=== Given records ===
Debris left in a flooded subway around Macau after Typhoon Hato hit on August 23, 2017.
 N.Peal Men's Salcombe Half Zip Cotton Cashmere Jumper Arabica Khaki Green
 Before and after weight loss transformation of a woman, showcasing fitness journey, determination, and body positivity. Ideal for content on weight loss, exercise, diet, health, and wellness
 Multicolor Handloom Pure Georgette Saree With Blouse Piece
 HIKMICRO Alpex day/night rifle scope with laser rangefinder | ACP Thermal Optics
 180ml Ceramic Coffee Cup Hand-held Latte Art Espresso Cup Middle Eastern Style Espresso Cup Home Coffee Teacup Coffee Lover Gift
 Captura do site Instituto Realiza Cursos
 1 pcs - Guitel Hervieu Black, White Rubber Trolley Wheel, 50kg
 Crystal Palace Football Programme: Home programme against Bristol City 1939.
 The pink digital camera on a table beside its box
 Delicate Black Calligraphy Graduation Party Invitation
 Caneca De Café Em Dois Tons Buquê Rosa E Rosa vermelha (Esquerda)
===
Each line of the data is to be output exactly, with none skipped.

**Solution to this problem**
Debris left in a flooded subway around Macau after Typhoon Hato hit on August 23, 2017.
 N.Peal Men's Salcombe Half Zip Cotton Cashmere Jumper Arabica Khaki Green
 Before and after weight loss transformation of a woman, showcasing fitness journey, determination, and body positivity. Ideal for content on weight loss, exercise, diet, health, and wellness
 Multicolor Handloom Pure Georgette Saree With Blouse Piece
 HIKMICRO Alpex day/night rifle scope with laser rangefinder | ACP Thermal Optics
 180ml Ceramic Coffee Cup Hand-held Latte Art Espresso Cup Middle Eastern Style Espresso Cup Home Coffee Teacup Coffee Lover Gift
 Captura do site Instituto Realiza Cursos
 1 pcs - Guitel Hervieu Black, White Rubber Trolley Wheel, 50kg
 Crystal Palace Football Programme: Home programme against Bristol City 1939.
 The pink digital camera on a table beside its box
 Delicate Black Calligraphy Graduation Party Invitation
 Caneca De Café Em Dois Tons Buquê Rosa E Rosa vermelha (Esquerda)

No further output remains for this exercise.